Survival of BALB/c mice injected intraperitoneally with WT D39 and a 3-h and an 8-h culture of IDM- ply (A) and - lytA (B). All of the inocula were approximately 102 CFU. The median survival time is indicated by the dashed line. Significant differences in the median survival time of mice injected with a 3-h IDM-ply (A) or -lytA (B) culture versus those for mice injected with an 8-h culture of the IDM- mutants are indicated by an asterisk (*) (*p = 0.031 (without antibiotic) versus **p = 0.037 (erm usage) in IDM-ply; ***p = 0.019 (without antibiotic) and ****p = 0.021(cat usage) in IDM-lytA). Significant differences between mice injected with 8-h WT D39 and those injected with 3-h IDM clones are indicated by a pilcrow (). (p < 0.001(without antibiotic) and ¶¶p = 0.006 (erm usage) when compared to the 3-h IDM-ply; ¶¶¶p = 0.045 (without antibiotic) when compared to the 3 h IDM-lytA).

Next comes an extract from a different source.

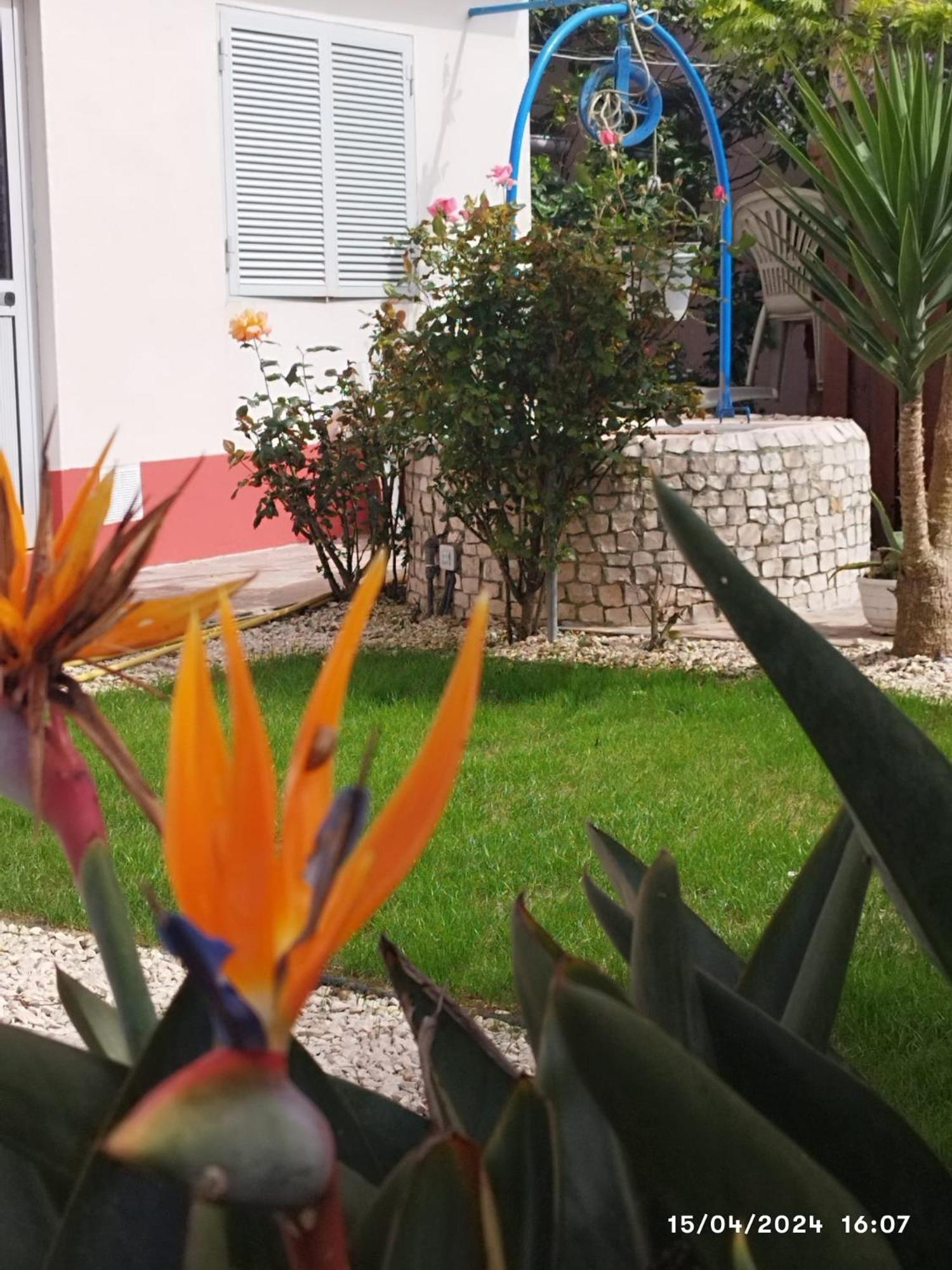 شقة Ranch Lau&Ri Nazare Cela Velha المظهر الخارجي الصورة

Similarly, the median survival time of mice subjected to IP injection with 102 CFU of a 3-h culture of IDM-lytA was significantly longer than that following injection with the same amount of an 8-h IDM-lytA culture (8.5 vs. 2 days, p = 0.019 with no antibiotic; 2.5 vs. 2 days, p = 0.021 with cat) (Figure 8B). The survival rates for the two groups were 50% and 40%, respectively, at 14 days post-inoculation. None of the mice survived longer than 3 days post-inoculation with an 8-h culture of IDM-lytA. Like the IDM-ply mutant, the 3-h IDM-lytA culture had attenuated virulence in mice, demonstrated by a decreased mortality rate (p = 0.045 for non-supplemented BHI), when compared to the 8-h D39 culture. Overall, the 3-h IDM mutants were less virulent than the 8-h IDM mutants. The survival of mice injected with 8-h IDM-ply or -lytA culture was almost identical to that of mice injected with WT D39.

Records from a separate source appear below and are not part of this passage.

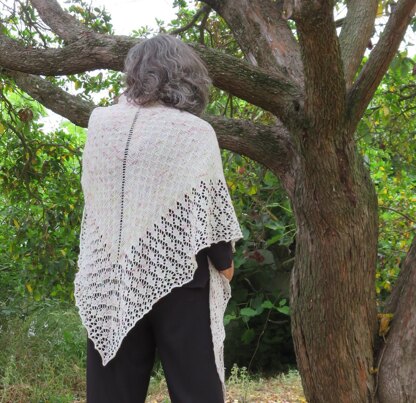 Paisagens Shawl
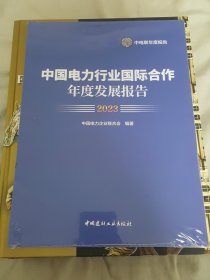 2023中国电力行业国际合作年度发展报告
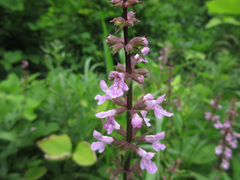 Stachys riederi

A search of the literature shows that IDM is still a commonly used method for gene KD [14], and has been used to study pneumolysin and autolysin in S. pneumoniae[1517]. In the present study, TGR in IDM mutants caused by intra-chromosomal recombination of a mutated target gene, was confirmed and significantly affected lethality in mice. Selective antibiotic pressure minimized the extent of the TGR but could not completely eliminate the rearrangements. Higher concentrations of antibiotics could prohibit reversion, but the growth rate of the bacteria was significantly affected. Re-circularization of inserted sequence within the IDM mutants circumvents the antibiotic selection. This type of mutant maintains its antibiotic resistance but loses the KD function of the target gene. Following injection of these mutants into mice, antibiotic selective pressure is relaxed, leading to an increased chance of TGR. This event was observed in our animal study, in which TGR-D39-type ply and lytA gene sequences were detected at days 2 and 1 post-injection, respectively (Figure 7). This effect generated the discrepancy in pathogenicity and lethality in mice, and affects the interpretation of results in our study (Figure 8).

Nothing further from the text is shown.